Background

The clinical practice guidelines recommend that antimicrobial treatment for patients with community-pneumonia (CAP) should be prescribed empirically after evaluation of severity at presentation and pre-existing comorbid disease, and should be stratified based on prognostic risk scores [1,2,3,4]. However, the recommendations are inconsistent and compliance is low; the choice of antibiotic treatment at the bedside is a complex process influenced by several factors that have not yet been definitively characterized. Factors proposed in the literature include previous hospitalization, previous antibiotic exposure and underlying diseases, but there are others that are dependent on hospital organization, local patterns of resistance, background speciality and cost-effectiveness [5,6,7].

Compliance of antibiotic treatment with the guidelines has been associated with improved outcomes, but mortality rates rise in patients at risk of multi-resistant microorganisms such as P aeruginosa [8, 9]. However, antipseudomonal antibiotics are considered as broad spectrum and, due to their potential for causing collateral damage [10, 11], their administration should be restricted.

Pneumonia due to P aeruginosa occurs in several distinct syndromes such as community-acquired pneumonia (CAP) and bacteremia in neutropenic hosts, and in intubated patients [12] In CAP, coverage of P aeruginosa is controversial due to the different rates of prevalence reported in the literature [13,14,15,16,17,18]. Factors such as structural lung diseases (especially bronchiectasis), repeated exacerbations of severe chronic obstructive pulmonary disease (COPD), chronic oral steroid administration, alcoholism and frequent (> 4 courses per year) or recent antibiotic therapy have been associated with P aeruginosa isolates [1, 2, 4, 19]. However, a large retrospective study reported that a significant proportion of patients with CAP due to P aeruginosa did not present any of these conditions [17]. Although not routinely included in most CAP guidelines, a certain degree of immunocompromise is frequent in patients with community-acquired pneumonia, with neutropenia being a common comorbid condition [20].

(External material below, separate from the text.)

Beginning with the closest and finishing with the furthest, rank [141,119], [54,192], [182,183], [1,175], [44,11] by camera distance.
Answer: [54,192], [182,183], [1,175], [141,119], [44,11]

The aim of this study was to assess the prevalence of the use of antibiotics with antipseudomonal activity and the determinants of empirical choice, in patients attended for pneumonia in the emergency department. We hypothesizied was that antipseudomonal antibiotics might be prescribed more frequently than needed, and that determinants of prescription differ between quinolones and other choices.

Methods

Retrospective, observational cohort study of all consecutive patients attended in the emergency department (ED) at Parc Tauli Hospital (682 beds and a reference population of 391,460 inhabitants), between September 2010 and September 2011. The protocol was approved by the Sabadell Hospital Ethics Committee (2014/538).

Study population

All patients ≥18 were evaluated for study inclusion. Patients were identified by primary ICD-9 codes for pneumonia (480.0–483.99, 485–487) and by respiratory failure or sepsis, and had to meet the study definition of pneumonia prior to inclusion. Hospital admission was considered when the patient remained in the ED more than 24 h before discharge or was transferred to the ward or the ICU. The following cases were excluded: hospital-acquired pneumonia (diagnosed more than 48 h after hospital admission), witnessed aspiration pneumonia, solid organ or bone marrow transplantation, and alternative diagnoses (tuberculosis, cardiac failure or organizing pneumonia).

Definitions

Pneumonia was defined as the presence of a new alveolar opacity on chest radiography plus one or more of the following: fever (temperature > 38 °C) or hypothermia (temperature < 35 °C), cough with or without sputum production, pleuritic chest pain and altered breath sounds on auscultation.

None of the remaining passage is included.